All jurisdictions in Australia, except for the Australian Capital Territory, have what is known as a “positive definition” of consent. This means that to consent, someone must be able to do it freely and voluntarily. Consent is designed to encourage positive communication and a positive understanding between those negotiating sex.
Engaging sexually with another person who cannot freely give consent is a crime.
Within the definition of consent there are also parts of the law that refer to exceptions, or situations where consent is negated. This covers situations in which the victim could not possibly have consented to sex with the view that consent is freely given.
These exceptions vary slightly between the states and territories, however the law makes it clear that a person cannot give consent if that consent is caused by:
- The infliction of violence or force on the person, or on a third person who is present or nearby.
- A threat to inflict violence or force on the person, or on a third party who is present or nearby.
- The use of extortion against the person or another person.
- A threat to publicly humiliate or disgrace, or to mentally harass, the person or another person.
- A mistaken belief as to the identity of the other person.
- The effect of intoxicating liquor, a drug or an anaesthetic.
- A fraudulent misrepresentation of any fact made by the other person, or by a third person to the knowledge of the other person.
- Abuse by the other person of his or her position of authority over, or professional or other trust in relation to, the person.
- The person’s physical helplessness or mental incapacity to understand the nature of the act in relation to which the consent is given.
- The unlawful detention of the person.
Reference: Crimes Act 1900 (PDF Download), Part 3 Sexual Offences, Section 67, R83-Effective 24/2/2013, pp 55-56
The age of consent laws of all states and territories of Australia apply equally regardless of the gender and sexual orientation of participants. The age of consent for “sexual interactions” in each of the Australian States and Territories are:
- Australian Capital Territory (ACT) – 16 years
- New South Wales (NSW) – 16 years
- Northern Territory (NT) – 16 years
- Queensland (QLD) – 16 years
- Victoria (VIC) – 16 years
- Western Australia WA) – 16 years
- Tasmania (TAS) – 17 years
- South Australia (SA) – 17 years
Furthermore, everywhere except for Queensland and Tasmania it is also illegal for someone in a special care relationship to engage in sexual activity with someone who is under the age of 18 (AIFS 2017). Examples of special care relationships include teachers, coaches, foster/step-parent, religious leaders, and personal carers.
The reason for these additional laws is to recognise the power imbalance inherent within those in positions of care and authority, as well as the power imbalance inherent with sexual violence.
Under the Age of Consent
Where both people are under the age of consent, the laws try to recognise that sexual experimentation is normal between peers. It is only appropriate when there is no coercion and all people have the ability to consent.

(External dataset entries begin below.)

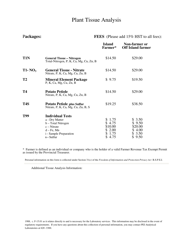 Form 112140109C Plant Tissue Analysis Request Form - Prince Edward Island, Canada, Page 2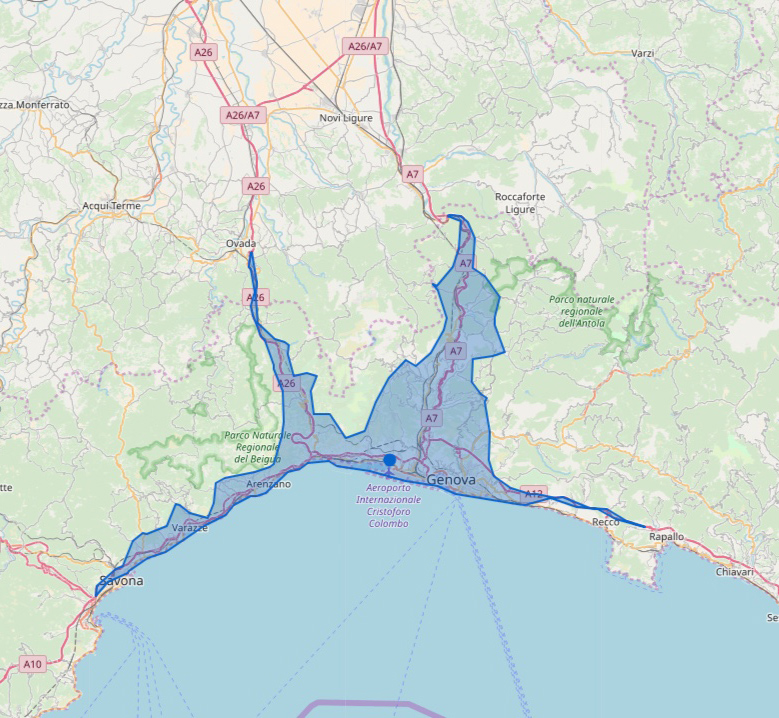 30-minutes drive by car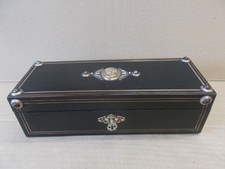 Boite à gants d'époque NAPOLEON III étiquette  Zimberg ? à Paris avec sa clé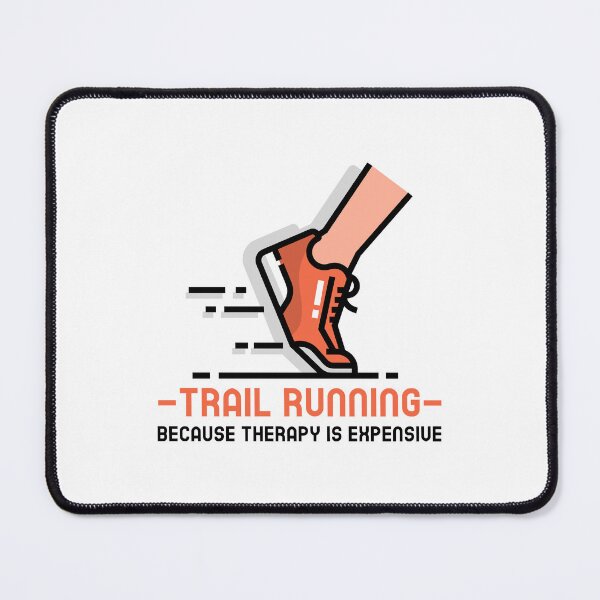 Item preview, Trail Running Because Therapy Is Expensive | Funny Running designed and sold by serreenart.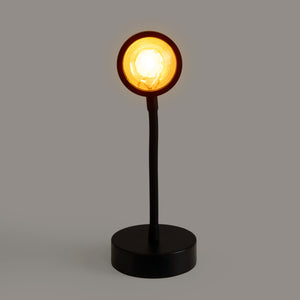 Lámpara de mesa "FLAC" 5W - Efecto atardecer - Sunset Lamp - FLEX (8)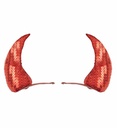 "EPINGLE CORNES ROUGES EN PAILLETTES"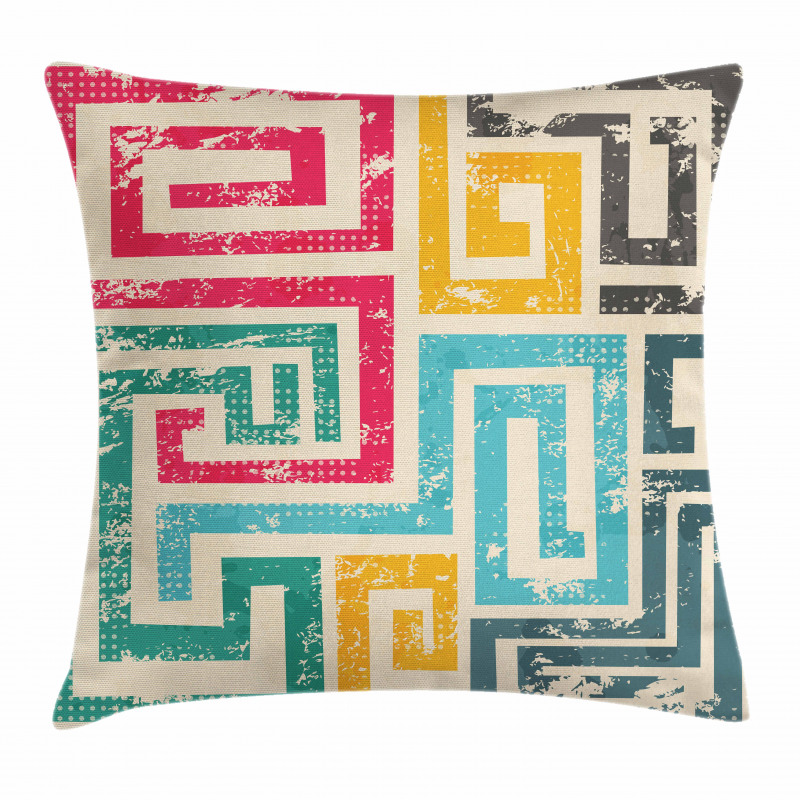 Vintage Spiral Colorful Pillow Cover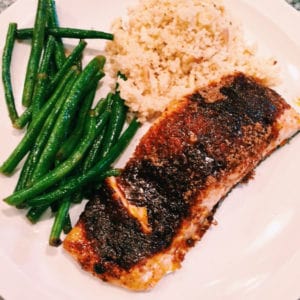 salmon with a sweet and spicy rub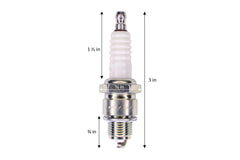 Close-up of Generac 5663 contents highlighting OEM filters and spark plug for reliable service
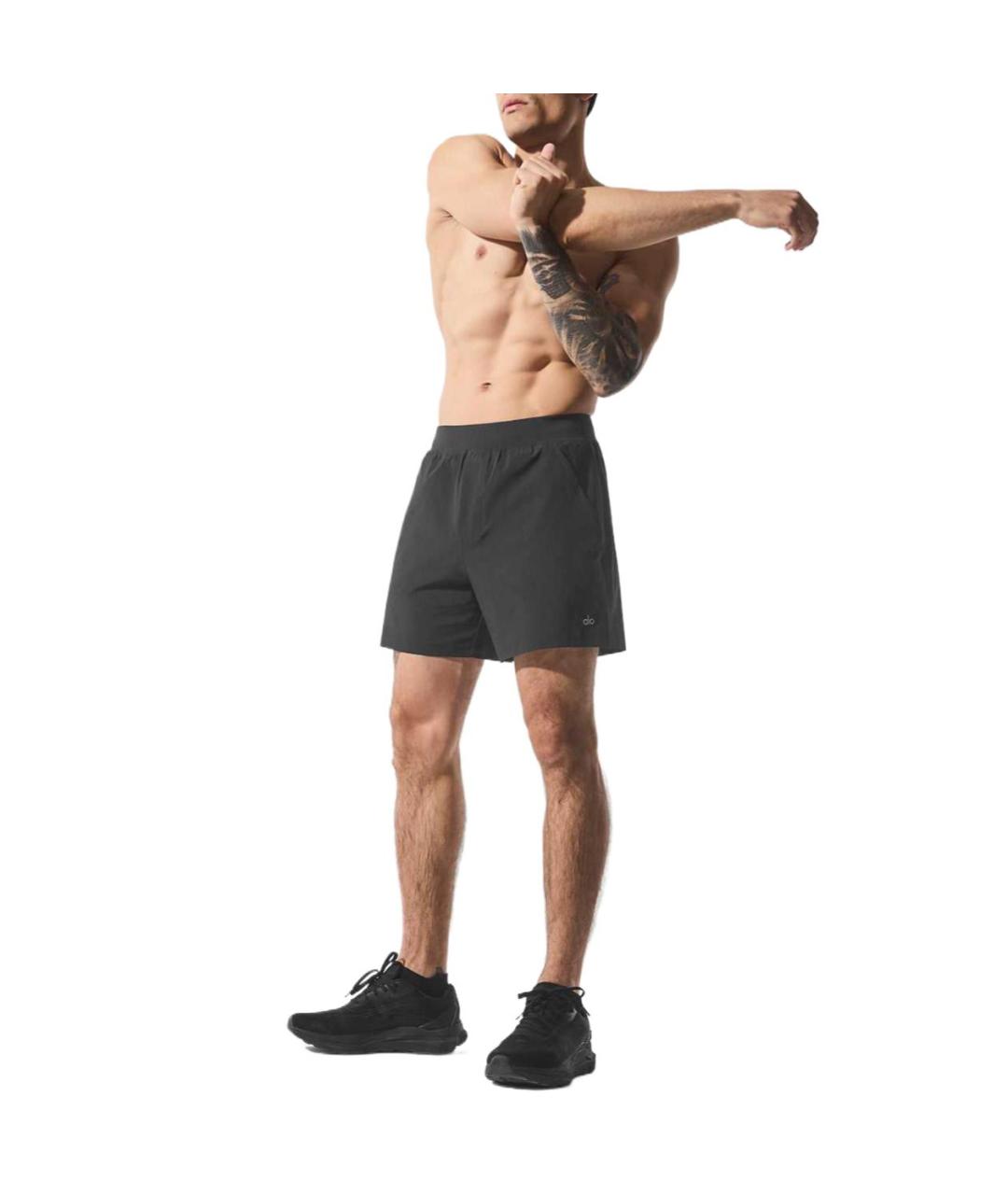 ALO YOGA Серые шорты, фото 3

Legislation in the ACT, WA, TAS and VIC have laws that address sexual exploration so as to not criminalise all behaviours between young people. In the ACT, this is called the “Two Year Rule.” This acts protectively if two young people under the age of consent engage in sexual experimentation. However, it is important to note that the power differentials are taken into account and how consent was negotiated is examined in the event the interaction is reported to police.